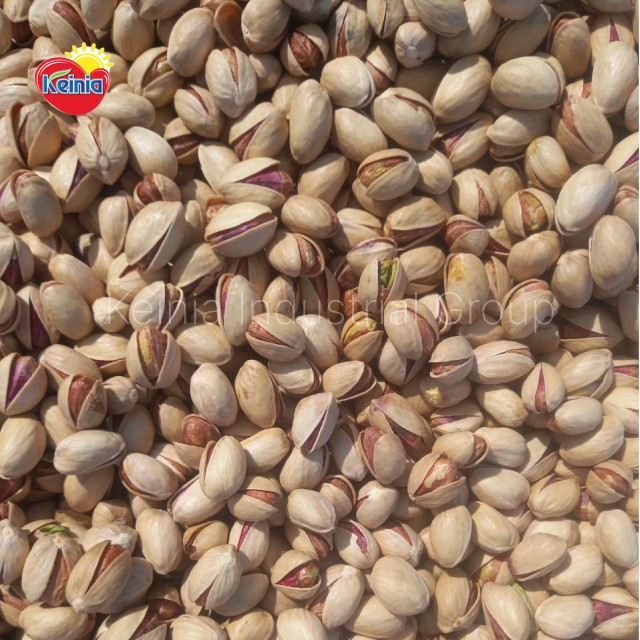 Iranian Pistachio in Shell (Fandoghi) Premium Quality Bulk Wholesale Price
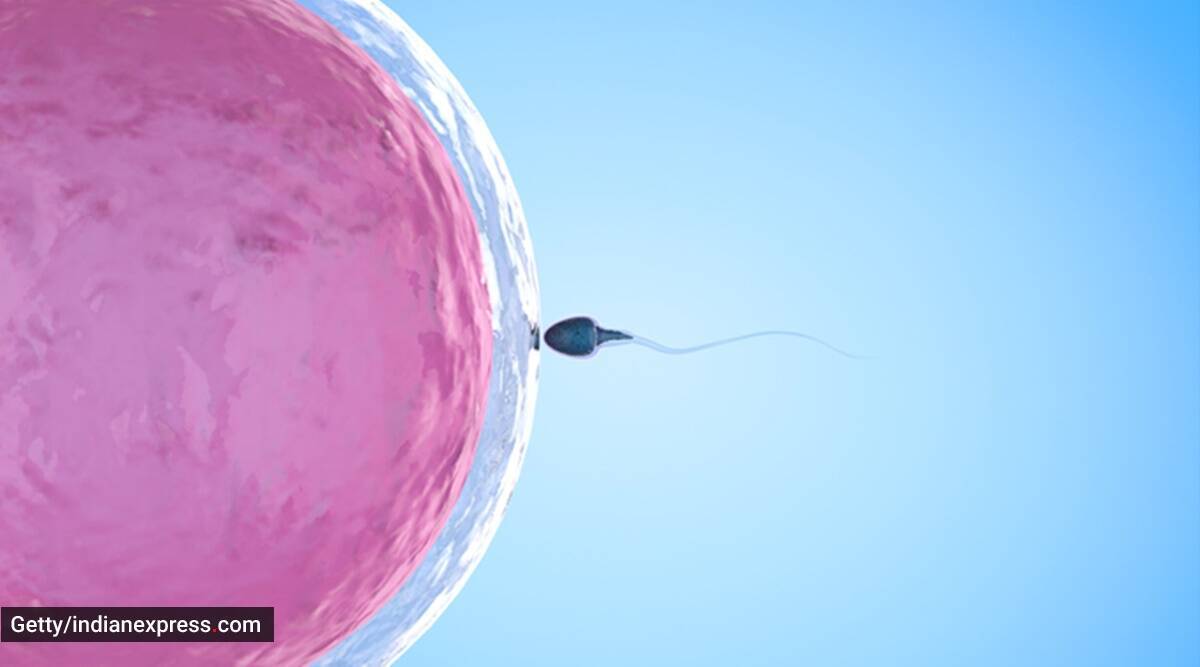 ¿La disminución del número de espermatozoides apunta a la infertilidad entre los jóvenes? ¿Qué significa para nuestro futuro?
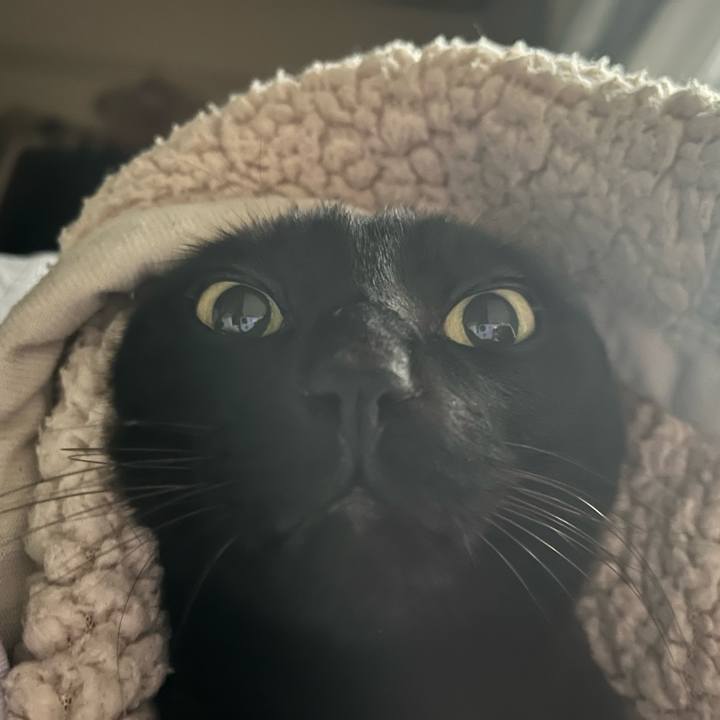 Fce1fa36 a5ca 43e5 b5e7 fd71337382fe 1771112986954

» **Task brief**
Any picture in the material is to be dropped; the rest is repeated exactly.

» **Result of the task**
 Iranian Pistachio in Shell (Fandoghi) Premium Quality Bulk Wholesale Price
 ¿La disminución del número de espermatozoides apunta a la infertilidad entre los jóvenes? ¿Qué significa para nuestro futuro?
 Fce1fa36 a5ca 43e5 b5e7 fd71337382fe 1771112986954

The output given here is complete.